- Interactive map of the House of Skaramangi area

General information
- Coordinates: 47°12′44″N 38°56′01″E﻿ / ﻿47.212273°N 38.933559°E
- Demolished: 21st century

= House of Skaramangi =

The House of Skaramangi (Дом Скараманги) was a historical structure on Petrovsky Street in the city of Taganrog in the Rostov Oblast.

== History and description ==
Luka Petrovich Skaramanga built a single-story house at 53 Petrovsky Street in the early 1800s. In 1834, Skaramanga was a member of a local commission to improve the condition of the harbor and the related embankment.

From 1873 to 1880, the house was owned by the merchant Ivan Amvrosiyevich Skaramanga, who owned a brick manufacturing company.

In 1890, the house belonged to Ivan Skaramanga, who was married to Virginia Mikhaelovna.

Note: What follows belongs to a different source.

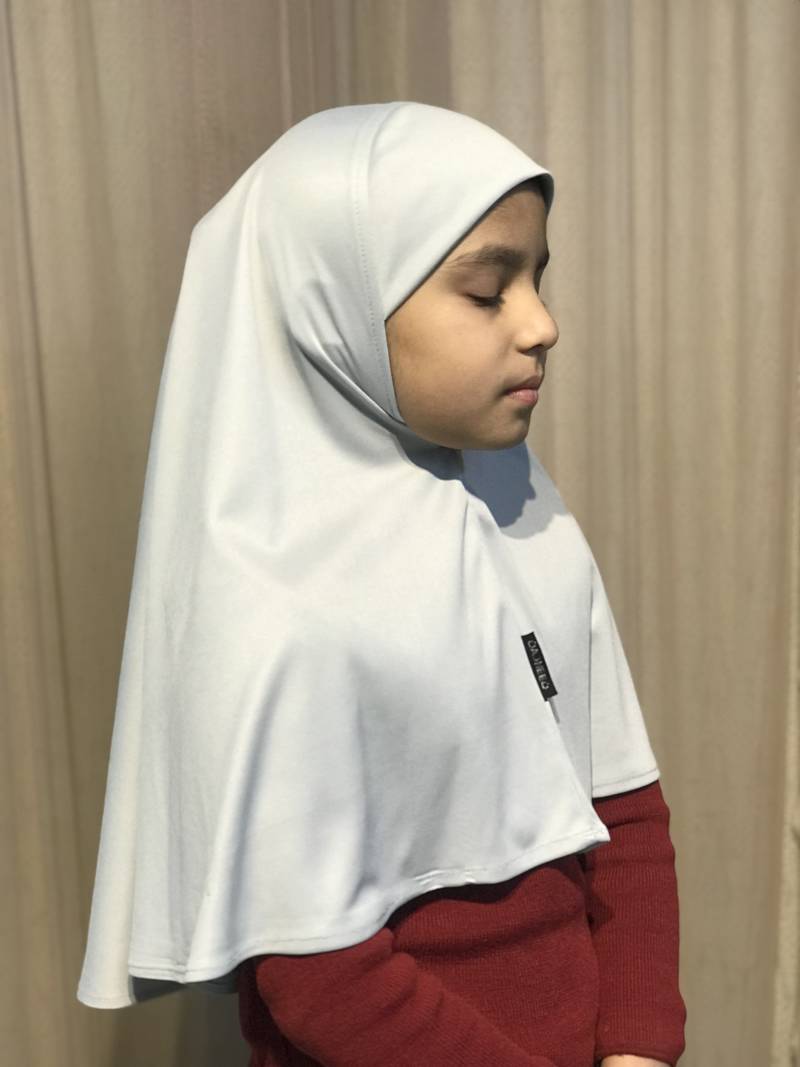 Nazneen children Prayer Hijab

They had three daughters (Elizabeth, Maria and Virginia) and three sons (Ambrose, Mikhail and Panteleymon). The Skaramanga family's wealth grew, and they bought houses at 95 and 97 Grecheskaya Street, in Petrovsky Street, and at the Merchant exchange.

Other documents suggest 53 Petrovsky Street could be related to the Greek office Skaramanga, Manusi which was closed in 1893. This business imported tea, coffee, citrus fruits and exported wheat, cake, and vegetable oils.

In 1898, documents show the house was owned by Virginia, the widow of Ivan.

In 1923, the house became an orphanage, which was demolished in the 21st century.